The novel’s funniest scenes, which are poor Vernon’s most desperate, take place in Mexico, where he has fled in order not to be arrested as an accessory to the mass murder. On his sixteenth birthday, he is seduced and betrayed by a college-student temptress who gives him up to the police, and is brought back to Texas to stand trial in a blaze of media attention: “They harness me into a chair, and we get escorted into town by half the world’s police cars. All the world’s helicopters ride overhead, beaming lights down like a Hollywood premiere, the fucken Slime Oscars, boy.” And awaiting the suspected psycho-killer are “hordes of angry people, the type that show up wherever angry people are needed.”

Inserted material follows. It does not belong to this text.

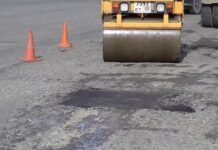 В Махачкале устраняют последствия непогоды на дорогах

Disturbingly, in the novel’s final sections Vernon Gregory Little has morphed into the TV image of a generic psycho-kid killer, with a shaved head, thick eyeglasses, and a crucifix on a chain worn around his neck. Yet more disturbingly, Vernon no longer “cusses.” He’s trapped in a Texas prison that—all too plausibly, given the fad for reality TV—has sold broadcast rights for a program in which the prisoners are televised twenty-four hours a day for purposes of entertainment. The show’s producer points out, “Criminals cost money. Popular TV makes money. Criminals are popular on TV. Put them together and, presto—problem solved.”

Vernon, who soon finds himself in competition with other prisoners, is urged by his mother to perform for the TV cameras:

“It’s just that this week you’re up against that sweet cripple who supposedly killed his parents. And he cries all the time. All the time.’’
“You sayin I look guilty?”
“Well on camera you always just lie starring at the ceiling, Vernon, you can be so impassive.”
“But I didn’t do nothin.”
‘‘Don’t let’s start that again. I just don’t want the day to arrive and you not be—you know—ready.”

For all its energy and invention, “Vernon God Little” does occasionally flag. Mordant satire is uneasily matched with slapstick plot reversals, and it must be conceded that the objects of Pierre’s contempt—tabloid TV, consumer-culture idiocy, the American obsession with the sufferings of others, material goods, and “image”—are not very original. Jonathan Swift once observed, ‘‘Satire is a sort of glass, wherein beholders do generally discover everybody’s face but their own,” and so it might be charged, too, of satirists who excoriate others while exempting themselves from blame. “Vernon God Little” is fuelled by rage at those who would “turn slime into business,” but this may seem to be what Pierre himself has done with such skill and panache. As Vernon says, “I already know I’ll be offering a Service. I just have to Position and Package the thing.”